OLDER THAN MY OLD MAN NOW

On his 1978 album Final Exam, Loudon Wainwright III exhorted his fans to “Watch me rock, I’m over 30,” an age he’d earlier insisted he’d never reach. 1995’s Grown Man kicks off with the song “Birthday Present” (also in the temporal sense), in which he nervously celebrates 48—and anticipates 50 as “That ripe young age/That halfway point/When life really begins.”

Older Than My Old Man Now finds the singer-songwriter at 65. He’s outlived an ex-wife, seen his son achieve greater career success than he ever enjoyed, and bested his own father’s lifespan by two years. It’s weighing upon him.

However ill-suited Wainwright may have been as husband and father—he and his kids have chronicled it in song—family always has been important. The family is here in force on the new album, with four kids and two of their mothers joining on the opening number, “The Here and the Now,” which otherwise suffers from sounding written for the occasion. After that, the album takes off. The title song begins with a recitation of something Wainwright’s father, a noted writer, wrote about his own father, but the song itself is really more anchor than lament, even though it laments, “But just ‘cause you survive/That don’t mean you feel alive/And your demise will come to pass.”
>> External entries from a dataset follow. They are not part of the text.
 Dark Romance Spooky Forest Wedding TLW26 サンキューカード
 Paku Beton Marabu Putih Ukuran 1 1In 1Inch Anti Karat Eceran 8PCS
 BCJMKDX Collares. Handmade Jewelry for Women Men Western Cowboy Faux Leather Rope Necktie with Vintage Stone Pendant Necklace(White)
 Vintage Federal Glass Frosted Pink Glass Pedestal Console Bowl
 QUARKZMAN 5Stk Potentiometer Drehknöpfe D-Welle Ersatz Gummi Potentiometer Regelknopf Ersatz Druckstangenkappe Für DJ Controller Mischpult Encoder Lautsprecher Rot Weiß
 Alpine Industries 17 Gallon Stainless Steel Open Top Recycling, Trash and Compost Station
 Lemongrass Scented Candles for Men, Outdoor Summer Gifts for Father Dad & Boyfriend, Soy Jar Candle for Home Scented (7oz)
But just as you fear you’re in for a relentless downer, here comes Ramblin’ Jack Elliott, duetting with Loudon about the wish for a “Double Lifetime,” their guitar work as fascinating a contrast as their vocals. Although “Dateline,” a metaphoric contemplation of time zones, grows a bit didactic, the backing by Will Holshouser on accordion and Steve Elson on saxophones makes it a keeper. Meanwhile, Rob Morsberger’s accordion work underscores a poignant duet with daughter Lucy Wainwright Roche on “All in a Family,” which examines dynamics of love and forgiveness. Most famously fractious of those relationships has been Loudon’s history with Rufus, although they get along well enough to join forces on “The Days That We Die,” acknowledging a stalemate.
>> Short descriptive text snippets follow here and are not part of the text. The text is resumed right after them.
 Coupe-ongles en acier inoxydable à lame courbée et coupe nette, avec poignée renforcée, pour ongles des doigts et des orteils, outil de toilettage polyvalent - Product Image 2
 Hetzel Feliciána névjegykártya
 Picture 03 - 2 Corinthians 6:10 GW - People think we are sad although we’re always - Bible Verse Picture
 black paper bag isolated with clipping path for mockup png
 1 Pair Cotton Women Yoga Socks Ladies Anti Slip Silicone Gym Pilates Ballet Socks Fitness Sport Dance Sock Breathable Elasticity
It wouldn’t be a Wainwright album without humor, and his hilarious paean to “My Meds” is worthy of Tom Lehrer (who liked the couplet, “When I was a little kid, I never popped no pills/Just a Band-Aid and Mercurochrome could cure most of my ills.”) And Dame Edna Everage, who was romantically linked to Loudon on Ally McBeal, joins him in the wistful “I Remember Sex,” which could become a baby-boomer anthem.

Producer Dick Connette helped guide Wainwright to a Grammy for High Wide and Handsome, and the partnership remains inspired. Let’s hope, Loudon’s fears to the contrary, there are many more.